Ce style trouve son aboutissement avec Ferdinand Bac, dessinateur, écrivain et ardent défenseur des plantes régionales. A la demande de la famille Ladan-Bockairy, il aménage un espace de 11 hectares dans les hauts mentonnais de Garavan de 1920 à 1928. Bac s’attache à abolir toute séparation entre le jardin et la résidence, conception très suivie par les paysagistes dans les années 1920. Les Colombières sont un réel hommage à la nature et à la Méditerranée, s'appuyant sur diverses références: vénitiennes, hispano-mauresques, toscanes, levantines ou encore gréco-romaines.

Dans l’entre-deux-guerres, d’autres artistes participent à ce mouvement régionaliste. Au château de La Napoule, la femme du sculpteur Henry Clews, Marie, dessine des jardins très structurés dans la tradition méditerranéenne et les orne de statues, puits et sarcophages imaginés par son époux.

A Cannes, Jean-Gabriel et Odette Domergue, peintre et sculpteur, conçoivent, autour de leur villa, un aménagement d’inspiration florentine avec un vaste escalier bordé de cyprès et de colonnes.

A Menton, le romancier Vicente Blasco Ibañez évoque le souvenir de sa terre natale, Valence, en parsemant dès 1921 sa propriété de Fontana Rosa de bancs, bassins, pergolas et kiosques couverts de céramiques colorées qui lui confèrent un air d’Espagne. Le jardin de 1.700 m2 est classé Monument Historique depuis 1990.

Des «jardins tour du monde»

Un autre style de composition paysagère fait son apparition à la Belle Epoque: celui de jardin encyclopédique ou «jardin tour du monde». Il s'agit de proposer un voyage aux visiteurs, dans l'espace (jardins et espèces d'Europe, d'Extrême-Orient ou même d'Océanie) et le temps (pastiches des styles du passé comme le classicisme ou les jardins Renaissance).

La villa Ephrussi de Rothschild à Saint-Jean-Cap-Ferrat est l'un des exemples les plus aboutis du genre. Conçu par divers architectes, dont Achille Duchêne, puis restaurépar Louis Marchand, le domaine propose une suite de jardins du monde.
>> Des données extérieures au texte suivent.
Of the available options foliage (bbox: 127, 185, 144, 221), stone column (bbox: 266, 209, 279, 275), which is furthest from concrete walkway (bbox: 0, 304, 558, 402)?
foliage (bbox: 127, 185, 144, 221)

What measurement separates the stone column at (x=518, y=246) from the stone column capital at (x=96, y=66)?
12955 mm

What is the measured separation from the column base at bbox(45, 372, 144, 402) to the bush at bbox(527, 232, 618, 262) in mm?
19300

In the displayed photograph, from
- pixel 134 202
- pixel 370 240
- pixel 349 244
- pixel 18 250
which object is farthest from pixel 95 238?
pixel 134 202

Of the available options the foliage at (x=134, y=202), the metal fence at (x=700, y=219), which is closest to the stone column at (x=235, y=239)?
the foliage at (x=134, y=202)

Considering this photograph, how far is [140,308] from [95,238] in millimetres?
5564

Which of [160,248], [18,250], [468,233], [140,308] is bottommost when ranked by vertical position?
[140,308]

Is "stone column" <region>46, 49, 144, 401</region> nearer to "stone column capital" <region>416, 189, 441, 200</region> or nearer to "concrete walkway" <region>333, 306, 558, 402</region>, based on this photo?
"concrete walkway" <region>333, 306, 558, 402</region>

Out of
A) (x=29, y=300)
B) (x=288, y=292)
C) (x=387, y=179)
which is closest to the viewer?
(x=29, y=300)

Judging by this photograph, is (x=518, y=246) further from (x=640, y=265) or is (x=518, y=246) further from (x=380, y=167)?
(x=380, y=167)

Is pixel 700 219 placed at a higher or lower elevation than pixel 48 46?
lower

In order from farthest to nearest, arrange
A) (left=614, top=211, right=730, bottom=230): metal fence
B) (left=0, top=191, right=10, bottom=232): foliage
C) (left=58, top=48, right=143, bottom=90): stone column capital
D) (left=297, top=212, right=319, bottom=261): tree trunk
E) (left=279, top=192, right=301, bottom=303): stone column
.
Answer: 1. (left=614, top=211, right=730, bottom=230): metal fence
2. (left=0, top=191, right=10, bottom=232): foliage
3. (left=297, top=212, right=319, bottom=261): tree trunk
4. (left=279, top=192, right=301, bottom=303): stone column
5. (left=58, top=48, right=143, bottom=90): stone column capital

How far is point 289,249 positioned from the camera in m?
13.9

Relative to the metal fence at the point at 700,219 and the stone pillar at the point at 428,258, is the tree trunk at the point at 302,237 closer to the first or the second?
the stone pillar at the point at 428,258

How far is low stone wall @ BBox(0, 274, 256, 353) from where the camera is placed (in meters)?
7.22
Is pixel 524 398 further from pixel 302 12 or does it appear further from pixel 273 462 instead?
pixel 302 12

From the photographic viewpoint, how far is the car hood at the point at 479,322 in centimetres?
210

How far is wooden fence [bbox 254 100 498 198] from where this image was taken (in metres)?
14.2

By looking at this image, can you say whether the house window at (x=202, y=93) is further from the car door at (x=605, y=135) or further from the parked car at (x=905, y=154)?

On y découvre tout à tour un jardin espagnol (patio d’intimité et de fraîcheur), un jardin florentin, un jardin lapidaire (aux oeuvres sculptées), un jardin japonais  dépaysant, un jardin exotique peuplé d’agaves et de cactus pour conclure, après une roseraie et un jardin provençal, par un jardin à la française.

La Villa Ephrussi

Sur la partie la plus étroite de la presqu’île de Saint-Jean-Cap-Ferrat, au sommet d’un promontoire qui surplombe, à l’ouest la rade de Villefranche et à l’est la baie de Beaulieu, la villa Ephrussi de Rothschild occupe un des sites les plus spectaculaires de la Riviera. Dans ce palais néo-Renaissance, aux étonnants murs roses, sont exposées les collections d’œuvres d’art rassemblées par la baronne Béatrice de Rothschild et son époux, Maurice Ephrussi. Plusieurs jardins à thème, aménagés ultérieurement, servent d’écrin à ce lieu d’exception

Plus allusif, l’aménagement paysager de la villa Noailles à Grasse évoque aussi harmonieusement différents styles. Amateur d’art éclairé, Charles de Noailles y trace dès 1947 un parcours ponctué de subtiles compositions inspirées de ses voyages et des grands jardins italiens et anglais (comme la villa d'Este).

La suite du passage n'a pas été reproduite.